Comparative Analysis of Advanced AI Models (NLP) for Customer Reviews
- Category: AI - NLP
- Client: Portfolio Project
- Project date: 23-04-2024
- Project URL: Click here
Portfolio detail
Objectives:
- Analyze Review Sentiment
- Compare Model Performance
- Gain Sentiment Insights
Libraries Used:
This Python program uses various libraries for tasks such as sentiment analysis, data manipulation, and visualization:
- Pandas
- Numpy
- Matplotlib.pyplot
- Seaborn
- NLTK (Natural Language Toolkit)
- tqdm
- transformers
- torch
Summary:
The project is a walkthrough of a sentiment analysis project using Python. It covers both traditional approaches using NLTK's Vader model and more advanced approaches using Hugging Face's pre-trained RoBERTa model. The dataset used consists of Amazon Fine Food reviews, containing text reviews and corresponding star ratings ranging from one to five.
- Data Loading and Exploration: The dataset containing reviews and star ratings is loaded using Pandas, and basic exploratory data analysis (EDA) is performed.
- Text Processing and Sentiment Analysis with NLTK: The NLTK library is used to tokenize sentences, tag parts of speech, chunk entities, and perform sentiment analysis using the Vader model.

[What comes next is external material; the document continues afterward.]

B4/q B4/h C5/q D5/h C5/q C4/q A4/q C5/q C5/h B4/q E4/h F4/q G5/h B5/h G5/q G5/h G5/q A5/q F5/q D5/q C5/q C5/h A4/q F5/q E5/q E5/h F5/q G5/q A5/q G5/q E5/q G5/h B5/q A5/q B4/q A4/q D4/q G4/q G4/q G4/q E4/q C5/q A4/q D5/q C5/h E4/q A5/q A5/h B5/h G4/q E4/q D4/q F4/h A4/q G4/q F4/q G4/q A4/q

- Sentiment Analysis with RoBERTa: Hugging Face's RoBERTa model is utilized for sentiment analysis, leveraging its advanced capabilities to capture contextual information in text.
- Comparison and Visualization: The results from both models are compared and visualized using Seaborn's pair plot and bar plots to assess their performance and identify any discrepancies or patterns.
- Example Analysis: Specific examples are examined where the sentiment analysis models exhibit unexpected behavior, highlighting the strengths and limitations of each approach.